The Briançonnais Terrane consists of a Mesozoic sedimentary sequence underlain by Palaeozoic crystalline basement, which forms the core of several large nappes, including the Grand St Bernard and Monte Rosa Nappes (Fig. 5.7). The Mesozoic sequence differs significantly from that in the adjacent Helvetic–Dauphinois Zone. In the Vanoise region of eastern France, thick Permo-Carboniferous sediments, including coals, are overlain by a 300m-thick Triassic quartzite, succeeded in turn by up to 500m of carbonate. These are overlain by a much-reduced marine Jurassic–Cretaceous sequence containing evidence of several emergent episodes. The Eocene is represented by black pelagic shales followed by flysch.
The Briançonnais Terrane is underlain by a narrow zone of marine clastic deposits forming the lower Pennine nappes and overlain by the upper Pennine nappes. The latter contain a thick monotonous succession of mica-schists, known as the Schistes Lustrées, of Jurassic to Cretaceous age, which originated as calcareous shales and contain bands of basic volcanics and ophiolites.
These marked differences in stratigraphic history are explained by the sequence of events illustrated in Figure 4.6: the Briançonnais Terrane, having originated on a depressed European margin during the Triassic, broke away in the early Cretaceous, while the marine clastic sediments and ophiolites were formed in oceanic basins on each side of the terrane. The ophiolites and ocean-floor sediments of the lower Pennine nappes are thus thought to represent the remains of the Valais Ocean, and those of the upper Pennine Nappes to belong to the Piémont Ocean, which originally separated the Briançonnais Terrane from the Alcapa Terrane (see Fig. 4.6B).
The complex overfolds in the Pennine Zone take the form of a fan, directed towards the foreland in the northwest, like those of the underlying zones, but directed towards the southeast at the opposite side of the zone (Figs 5.4B, 5.8A). The nappes generally rest on a décollement surface of Triassic gypsum.
The rocks of the Pennine Zone have been affected by metamorphism of late Cretaceous or Palaeogene age. The grade of metamorphism varies from greenschist facies in the outer parts of the zone to blueschist and eclogite in the inner. The presence of blueschists and eclogites indicates that these parts of the zone were subjected to high pressures and low temperatures, which is interpreted as evidence that they must have been subducted to a considerable depth before being exhumed and thrust onto the European Plate. The low-pressure metamorphic mineral assemblages were subsequently overprinted by higher-temperature, lower-pressure assemblages as the rocks were uplifted.
The Austro-Alpine Nappes
This zone consists of material that has long been interpreted as derived from the southern foreland, historically thought of as part of Africa but now assigned to the separate Alcapa Terrane. In the Eastern Alps, the Austro-Alpine Nappes form most of the outcrop area; the lower Pennine and Helvetic nappes only appear in the Engadine and Tauern Windows and in a narrow strip along the Alpine front. The Palaeozoic basement rocks of these nappes are overlain by a thick Permian to Triassic sedimentary cover dominated by massive shallow-marine limestones, which form the mountain chains known as the Northern Calcareous Alps. The oceanic material underlying these nappes thus represents the suture between Alcapa and the Eurasian plate.
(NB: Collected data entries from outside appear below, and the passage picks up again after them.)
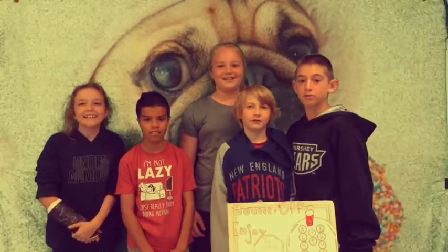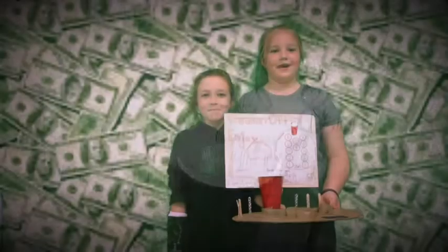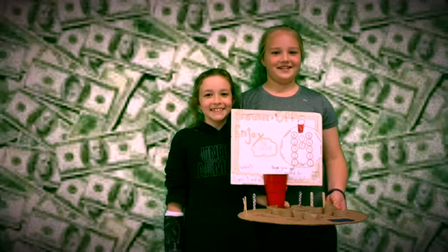This is our game, Bounce Off. The way you play our game is you bounce the ball on the desk, chair, or table. And you try to get into the cardboard hole. If not, bounce it into the red cup. Buy our game at Mr. Casnell's Classic.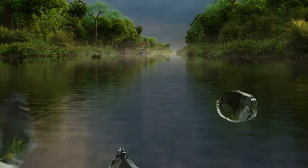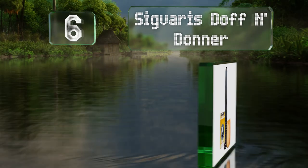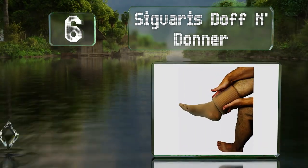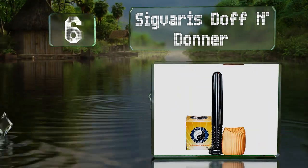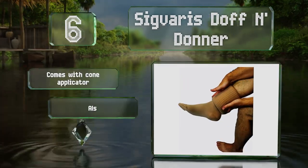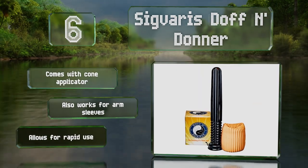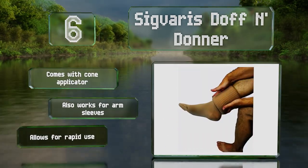Moving up our list to number 6, the Sigvaris Dauphin Donut is not a conventional choice, but once you try it, you might become a convert. Unfortunately, it's not intended for those with severe arthritis in their hands. It comes with a cone applicator and also works for arm sleeves. It allows for rapid use.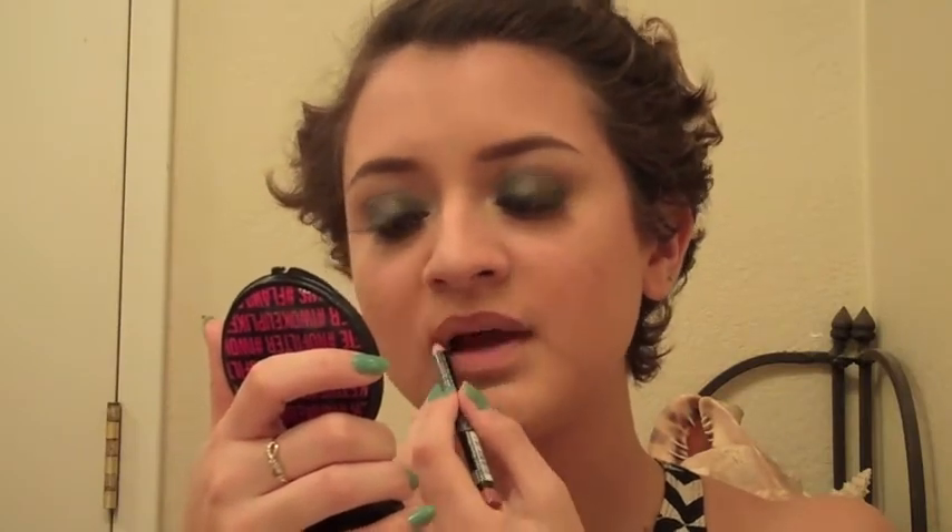I'm going to apply the Clinique Bottom Lash Mascara on the lower lashes like I always do. All that's left is to put on some lipstick. I'm going to line my lips first with the NYX Lip Liner Pencil in Natural, and then use the NYX Soft Matte Lip Cream in the shade Stockholm. For this look, a nude lip would be good because the main focus is the eyes.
In the Western Alps, tectonic units from the southern foreland only appear as high-level nappes such as the Dent Blanche Nappe, which is a klippe made of crystalline Adriatic basement overlying the Upper Pennine Nappes (Figs 5.4B, 5.8A). The Dent Blanche Nappe is considered to have rooted in the steeply-dipping Sesia Zone, which forms the northern margin of the Adria Terrane.
The Adriatic Foreland and the Southern Alps
The foreland on the south (or east) side of the Alpine Chain consists of Palaeozoic crystalline basement belonging to the Adria Terrane. The Palaeozoic basement has long been regarded as being of ‘African’ origin; that is, it records a similar geological history to the adjacent parts of northern Gondwana. As described earlier, Adria was one of several such terranes that had broken away from Pangaea in the Jurassic or early Cretaceous (see Fig. 4.6B). The Adrian basement forms a small outcrop northeast of Turin, where it is known as the Ivrea Zone, but elsewhere is obscured by a Mesozoic to Cenozoic platform cover sequence that has been deformed into a typical foreland fold-thrust belt (Fig. 5.8B). This zone of southerly-directed folded and thrust rocks is known as the Southern Alps, which include the famous Dolomites mountain range (Fig. 5.9), formed from Mesozoic platform carbonates, and well-known to rock climbers. This fold belt is absent near Turin but broadens to form a 90km-wide belt north of Verona. The structure of the belt is rather subdued compared to that of the Western and Central Alps and the strata are often quite flat-lying.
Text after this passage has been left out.